Pernod Chairman/CEO César Giron and the house’s cellar master, Didier Mariotti, greeted guests. Also in attendance was Israeli artist and Champagne Protocoles de G.H.Mumm illustrator Noma Bar.
French actor Lambert Wilson gave a toast to start the event and introduced the tasting guide to guests.
Additional guests included artist Louis-Marie de Castelbajac, jet setter Emmanuel de Brantes, AarRON group members Olivier Coursier et Simon Buret, film producer Regis Wargnier and French actors Stanislas Merhar and Christopher Thompson.
During the event, G.H.Mumm put on a show of waltzing wine waiters choreographed by Stéphane Jarny. The dancers showed the audience G.H.Mumm products during the performance such as the Protocoles Deluxe Case and the Protocoles gift box.
It makes sense that the brand is marketing via events at this time since luxury in the form of premium experiences is seeing the most spending action while high-end goods are lagging in comparison, according to findings from a recent study by the Boston Consulting Group.
The key finding of BCG’s Luxe Redux report is that there has been a shift in spending habits, where 55 percent of spending comes from luxury experiences rather physical goods. In addition, experiential luxury purchases grew 50 percent faster worldwide year over year than sales of luxury goods (see story).
“The brand will be able to reach its target market more strategically as consumers will have either attended one of these affluent events, or have heard about the experiences from past attendees,” said Dalia Strum, president of Dalia Inc., New York.
“This will create the desire for its clientele to recreate similar experiences for themselves, as well as to share with others, starting with the elegant G.H.Mumm branded Champagne,” she said.
“This has proven to be an efficient form of experiencing and enjoying not only the products that a brand has to offer, but the lifestyle that is associated with it.”
That’s the spirit
Scottish spirits brand John Walker & Sons is also using experiential marketing to attract affluent consumers at this time.
The brand is inviting select guests in Asia-Pacific on board a branded yacht to partake in activities that will explore the history of the brand and showcase the new triple malt John Walker & Sons Odyssey.
The path of the John Walker & Sons Voyager yacht follows the original trade routes taken by ships that first distributed its whiskeys around the world.
John Walker & Sons’ strategy combines one-on-one interactions with brand centric-entertainment with a goal of reaching the surge of millionaires under the age of 45 in Asia-Pacific (see story).
Additionally, Portón Pisco is leaning on experiential and event marketing as primary awareness and brand-building channels to draw awareness in the United States market.
The high-end spirits brand believes that allowing consumers to experience the product will help to portray the luxury image (see story).
However, spirits marketers should be careful not to create an experience that is purely aspirational so that consumers can see their product as a part of their everyday lives and eventually make a purchase, per Pam Danziger, president of Unity Marketing, Stephens, PA.
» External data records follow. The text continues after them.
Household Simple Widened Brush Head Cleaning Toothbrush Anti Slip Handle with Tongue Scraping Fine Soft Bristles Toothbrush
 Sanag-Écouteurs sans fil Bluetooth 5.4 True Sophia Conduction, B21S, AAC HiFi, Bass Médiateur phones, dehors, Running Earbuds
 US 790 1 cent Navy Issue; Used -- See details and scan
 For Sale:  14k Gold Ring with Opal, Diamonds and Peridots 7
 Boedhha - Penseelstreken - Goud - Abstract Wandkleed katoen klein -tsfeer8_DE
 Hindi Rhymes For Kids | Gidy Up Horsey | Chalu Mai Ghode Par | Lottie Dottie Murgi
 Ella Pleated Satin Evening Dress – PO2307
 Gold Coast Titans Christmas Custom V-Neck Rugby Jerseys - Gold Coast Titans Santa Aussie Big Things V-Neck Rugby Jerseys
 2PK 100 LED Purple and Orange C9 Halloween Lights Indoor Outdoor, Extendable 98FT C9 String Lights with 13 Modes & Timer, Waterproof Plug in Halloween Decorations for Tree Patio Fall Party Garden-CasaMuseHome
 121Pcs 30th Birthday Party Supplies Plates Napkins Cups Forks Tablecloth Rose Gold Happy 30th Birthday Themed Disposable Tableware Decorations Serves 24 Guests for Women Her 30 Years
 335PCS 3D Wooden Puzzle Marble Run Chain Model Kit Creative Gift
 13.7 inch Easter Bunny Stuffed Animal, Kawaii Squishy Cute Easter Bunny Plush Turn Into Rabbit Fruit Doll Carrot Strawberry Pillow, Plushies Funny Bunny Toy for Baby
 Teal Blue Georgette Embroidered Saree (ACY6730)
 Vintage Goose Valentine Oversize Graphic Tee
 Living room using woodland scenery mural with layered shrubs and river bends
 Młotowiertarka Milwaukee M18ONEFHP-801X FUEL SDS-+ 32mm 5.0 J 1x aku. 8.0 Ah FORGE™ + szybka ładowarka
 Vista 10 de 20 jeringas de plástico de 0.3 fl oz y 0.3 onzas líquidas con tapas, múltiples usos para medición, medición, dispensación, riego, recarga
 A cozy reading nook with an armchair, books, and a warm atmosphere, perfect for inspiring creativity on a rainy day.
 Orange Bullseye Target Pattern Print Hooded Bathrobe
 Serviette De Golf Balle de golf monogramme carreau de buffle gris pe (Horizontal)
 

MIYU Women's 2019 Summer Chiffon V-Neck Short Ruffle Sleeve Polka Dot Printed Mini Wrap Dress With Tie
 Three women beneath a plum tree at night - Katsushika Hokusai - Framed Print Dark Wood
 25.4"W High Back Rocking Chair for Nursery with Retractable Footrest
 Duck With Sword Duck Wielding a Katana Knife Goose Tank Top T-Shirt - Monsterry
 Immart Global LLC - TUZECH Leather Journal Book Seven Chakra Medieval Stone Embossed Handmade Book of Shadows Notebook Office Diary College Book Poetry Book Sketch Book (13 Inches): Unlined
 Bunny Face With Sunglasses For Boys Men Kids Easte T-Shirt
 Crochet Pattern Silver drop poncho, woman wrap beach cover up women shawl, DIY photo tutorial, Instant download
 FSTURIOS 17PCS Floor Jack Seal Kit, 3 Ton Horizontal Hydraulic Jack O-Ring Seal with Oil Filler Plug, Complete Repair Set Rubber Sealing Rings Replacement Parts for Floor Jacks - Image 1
“Sure, it gives G.H.Mumm an opportunity to reach an exclusive audience and make an impression with them, but I do not think it really translates into a brand-building effort across its potential target market of Champagne buyers,” Ms. Danziger said.
“It looks to me like they are counting on the aspiration factor as the key driver for building the brand – for example, 'I want to go to the ball but was not invited so I will drink G.H.Mumm Champagne to vicariously participate in the ball,'” she said.
“Today’s more eclectic luxury consumer is looking for inspiration from luxury brands, not aspiration."